● **ACTION ITEM**
No pictures belong in the copy. Set down exactly the lines from the one that contains "Pump Tracks Drive Visitor Engagement" through the end of the data.

● **GIVEN RECORDS**
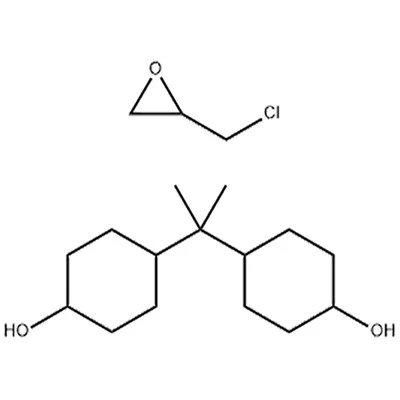 Cyclohexanol, 4,4-(1-methylethylideen)bis-, polymeer met (chloormethyl)oxiraan
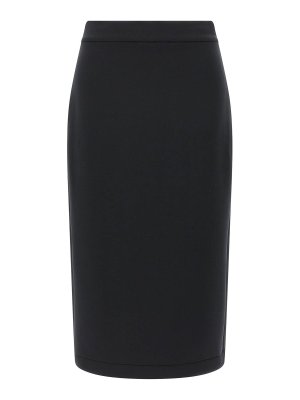 MONCLER: Knee length skirts & Midi - Moncler X Edward Enninful Skirt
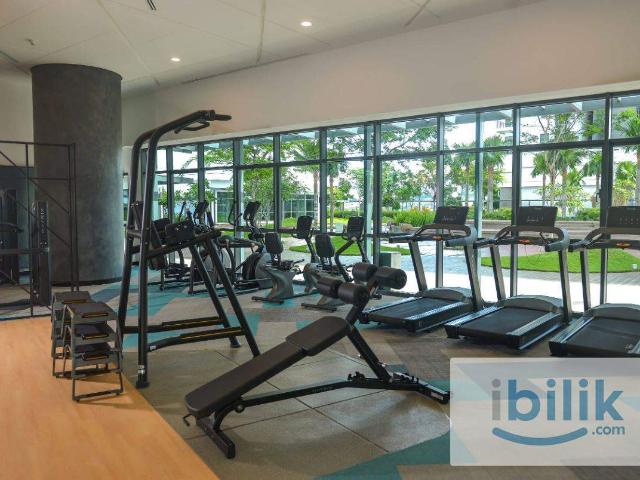 Fully Furnished Whole Unit 1+ Nearby KLCC City Center With Link LRT Station For Rent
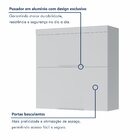 Cozinha Millena 4 Peças 100% Mdf Yescasa Branco/nature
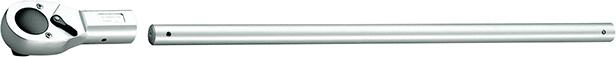Imagen de CARRACA REVERSIBLE PALANCA 1." 32 DIENTES 810MM GEDORE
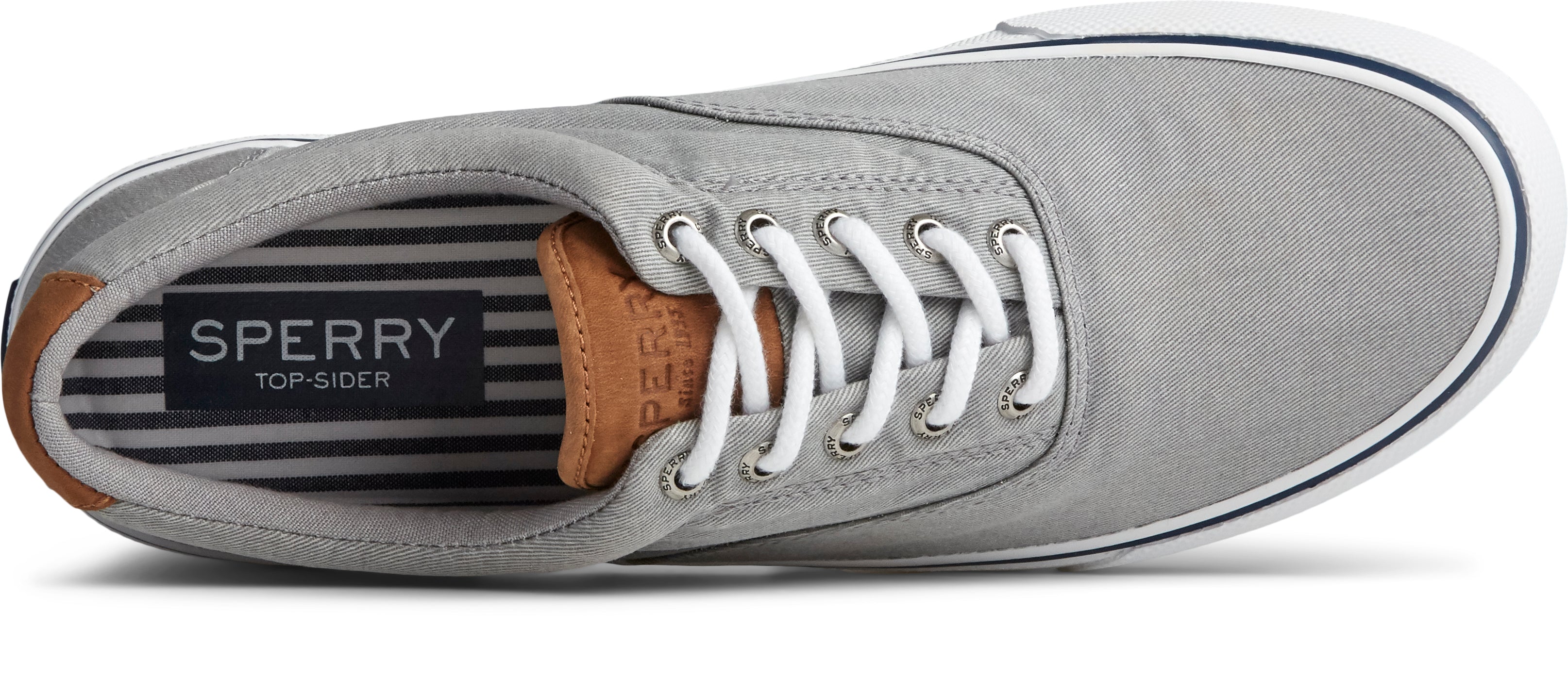 Sperry Men's Striper Ii Cvo in Sw Grey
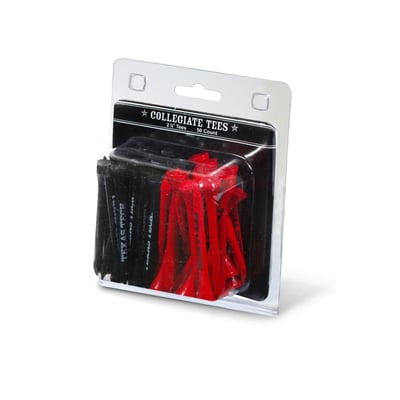 Texas Tech Red Raiders 50-Pack Golf Tee Set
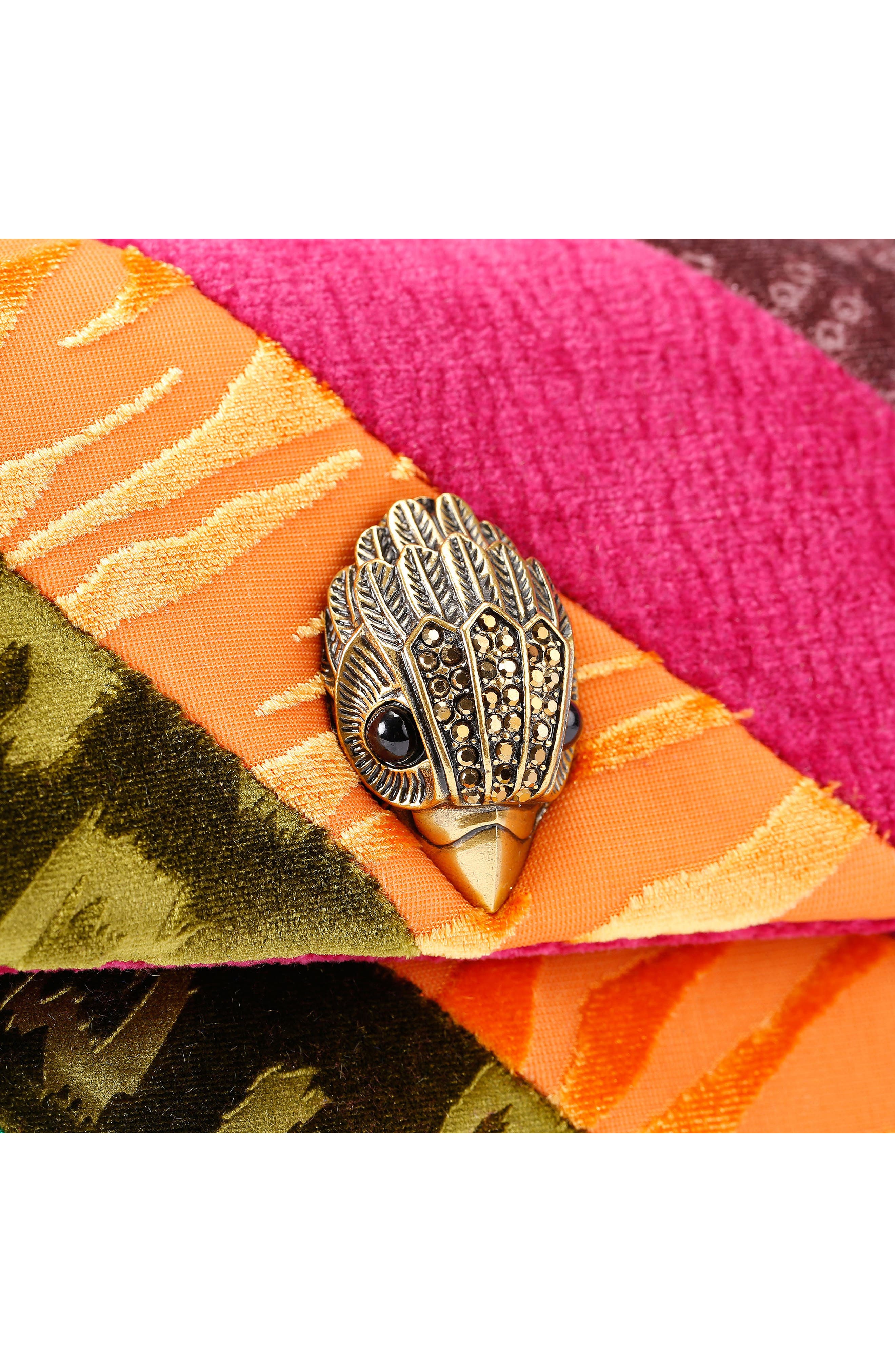 Kurt Geiger London Large Kensington Convertible Shoulder Bag, Alternate, color, Multi Stripe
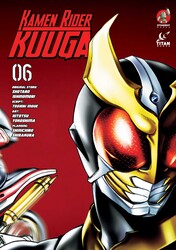 Kamen Rider Kuuga Vol.6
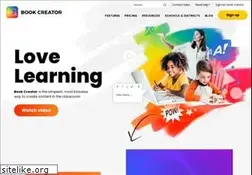 Sites similar to bookcreator.com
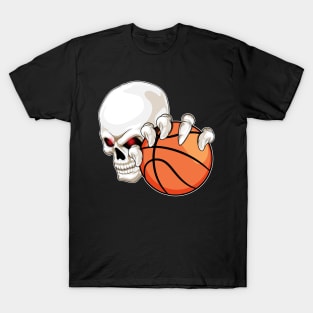 Skull Basketball player Basketball T-Shirt
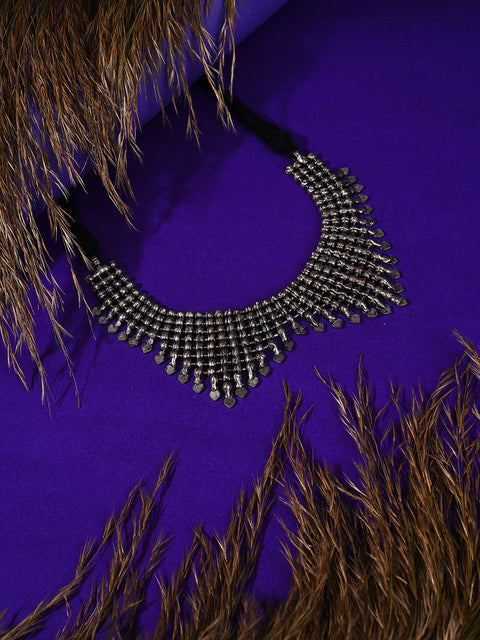 Silver Plated Designer Necklace
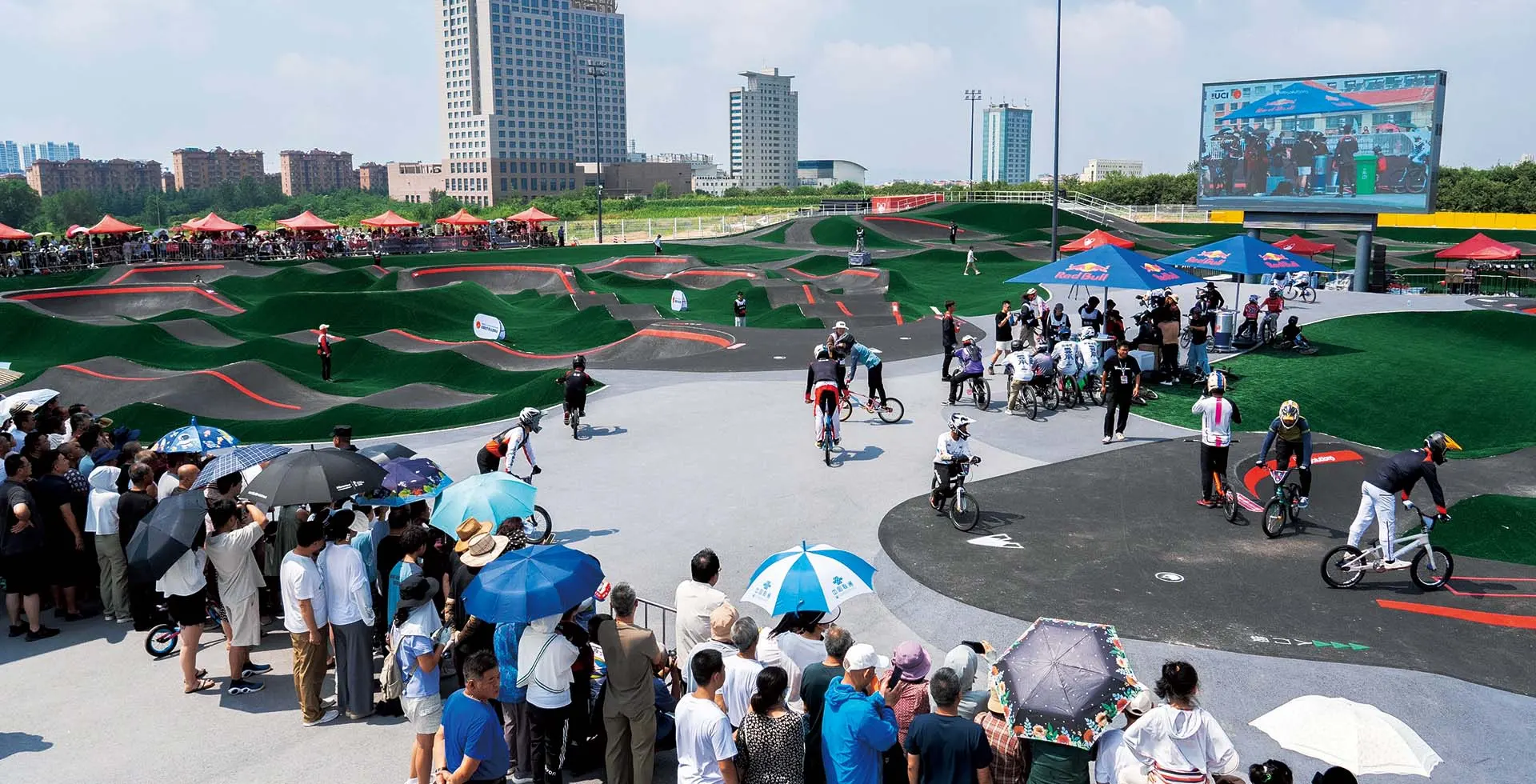 Pump Tracks Drive Visitor Engagement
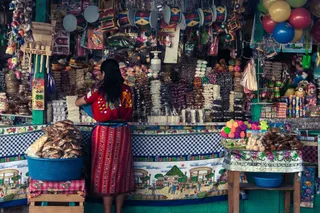 Infographic on the Situation of Women Entrepreneurs in Mexico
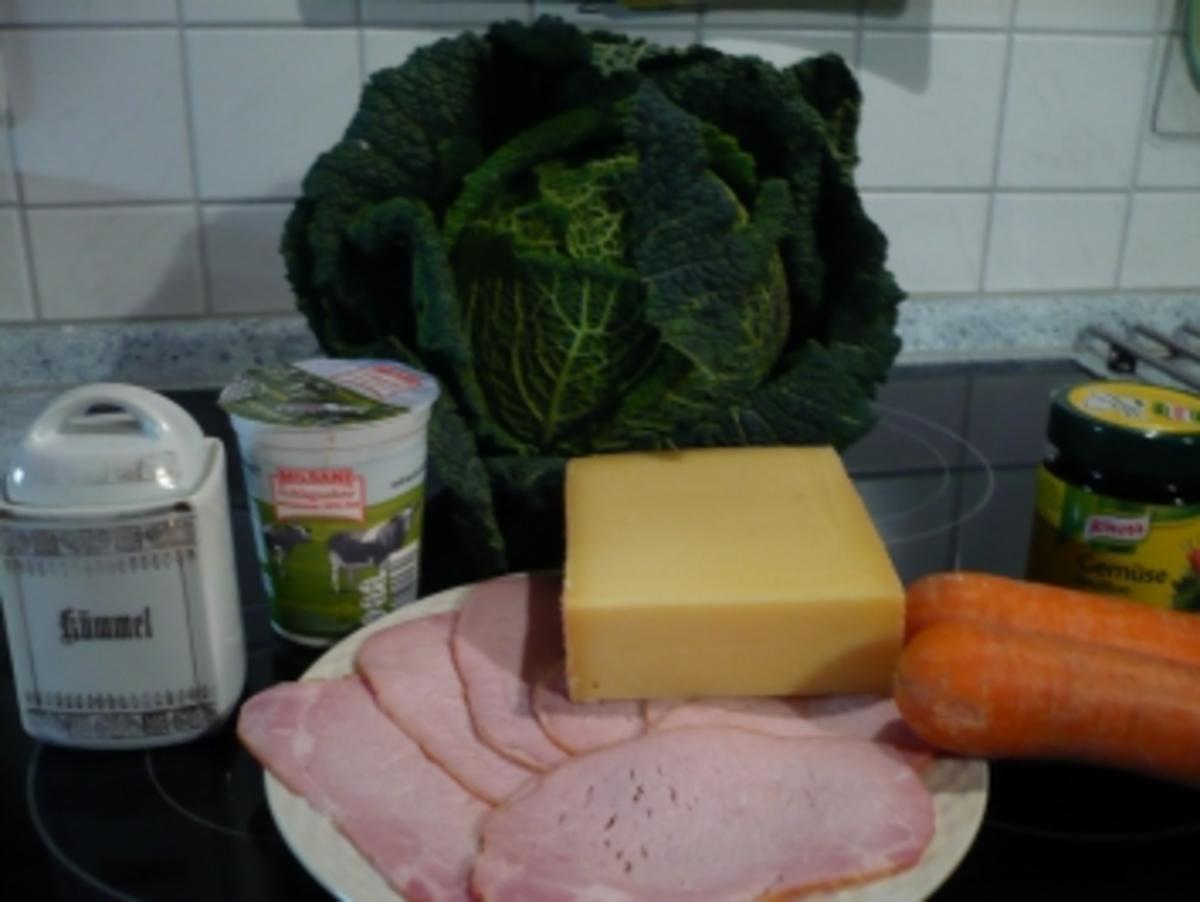 Wirsing-Gratin - Rezept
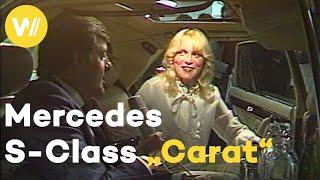 Mercedes S-Class W126 "Carat Cullinan" by Carat Duchatelet at the IAA 1981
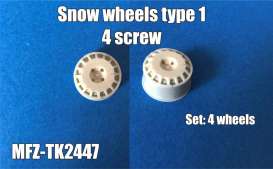 Accessoires Wheels & tires - 1:24 - MF Zone - MFZ-TK2447 - MFZTK2447 | Toms Modelautos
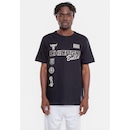 Camiseta NBA Flag City Chicago Bulls - Masculina - Foto 2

● **RESPONSE TO THIS EXERCISE**
 Pump Tracks Drive Visitor Engagement
 Infographic on the Situation of Women Entrepreneurs in Mexico
 Wirsing-Gratin - Rezept
 Mercedes S-Class W126 "Carat Cullinan" by Carat Duchatelet at the IAA 1981
 Accessoires Wheels & tires - 1:24 - MF Zone - MFZ-TK2447 - MFZTK2447 | Toms Modelautos
 Camiseta NBA Flag City Chicago Bulls - Masculina - Foto 2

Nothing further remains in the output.